» **What you should do**
Drop the pictures and repeat the remaining data exactly.

» **Material provided**
-*-*-
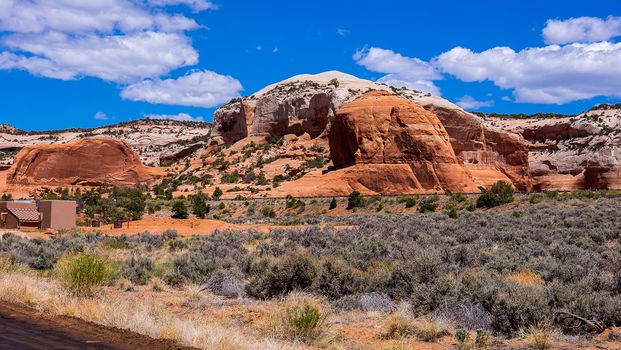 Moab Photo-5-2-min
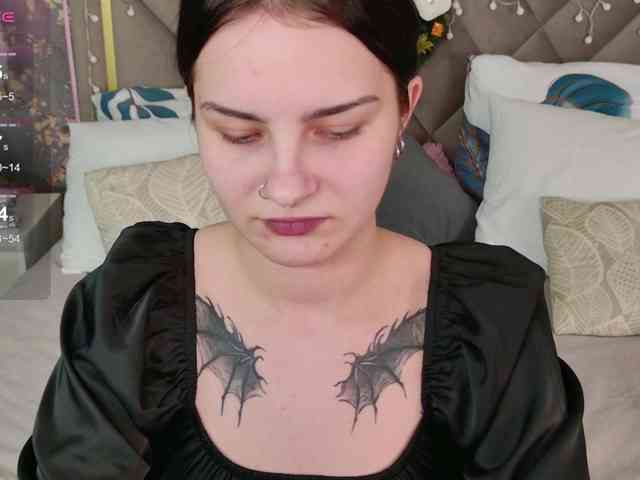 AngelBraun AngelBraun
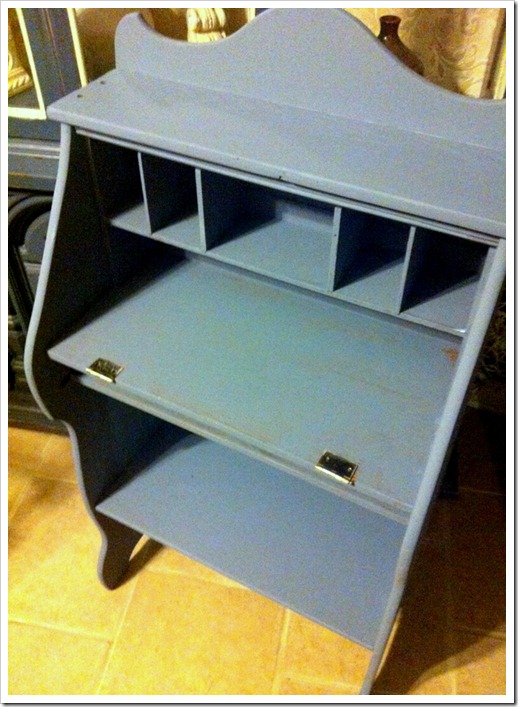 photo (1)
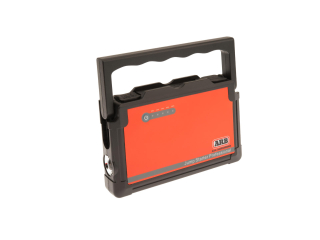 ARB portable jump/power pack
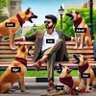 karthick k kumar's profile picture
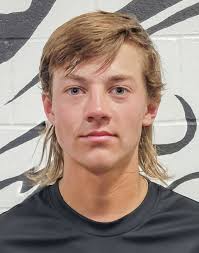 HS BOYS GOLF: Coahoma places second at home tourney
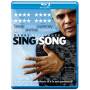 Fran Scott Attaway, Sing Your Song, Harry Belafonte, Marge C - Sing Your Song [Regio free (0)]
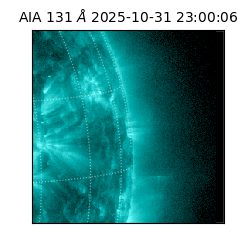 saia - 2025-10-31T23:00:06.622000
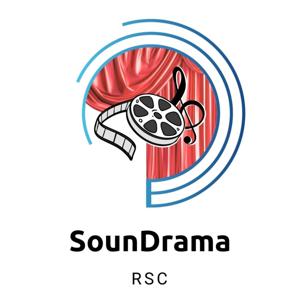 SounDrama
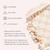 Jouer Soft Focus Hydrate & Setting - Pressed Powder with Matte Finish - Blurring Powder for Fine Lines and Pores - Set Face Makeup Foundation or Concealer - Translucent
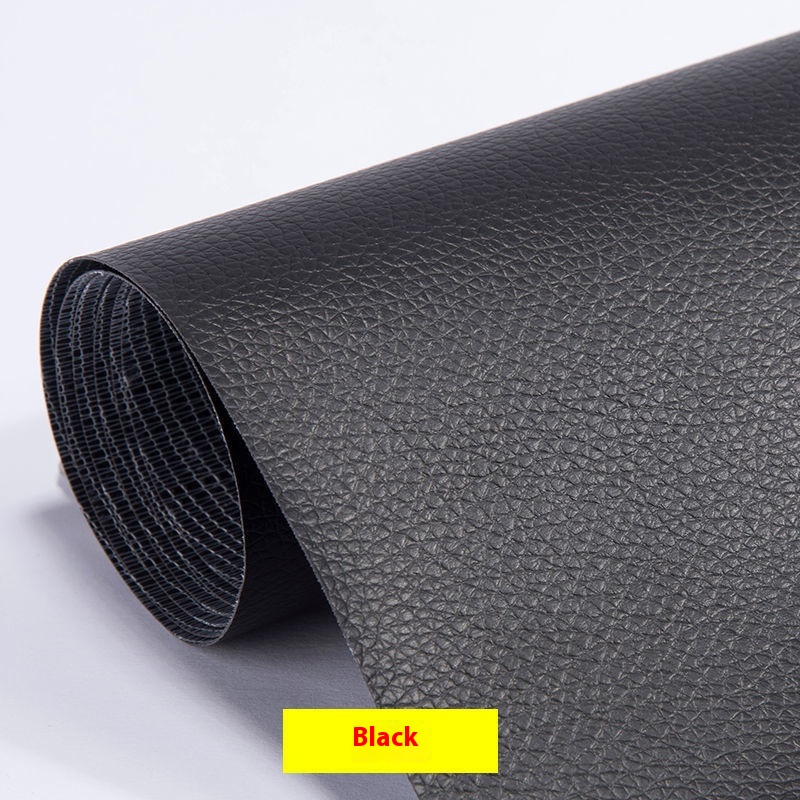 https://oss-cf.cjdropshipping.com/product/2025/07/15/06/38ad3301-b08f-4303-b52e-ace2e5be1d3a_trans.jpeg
-*-*-
» **Written solution**
 Moab Photo-5-2-min
 AngelBraun AngelBraun
 photo (1)
 ARB portable jump/power pack
 karthick k kumar's profile picture
 HS BOYS GOLF: Coahoma places second at home tourney
 Fran Scott Attaway, Sing Your Song, Harry Belafonte, Marge C - Sing Your Song [Regio free (0)]
 saia - 2025-10-31T23:00:06.622000
 SounDrama
 Jouer Soft Focus Hydrate & Setting - Pressed Powder with Matte Finish - Blurring Powder for Fine Lines and Pores - Set Face Makeup Foundation or Concealer - Translucent
 https://oss-cf.cjdropshipping.com/product/2025/07/15/06/38ad3301-b08f-4303-b52e-ace2e5be1d3a_trans.jpeg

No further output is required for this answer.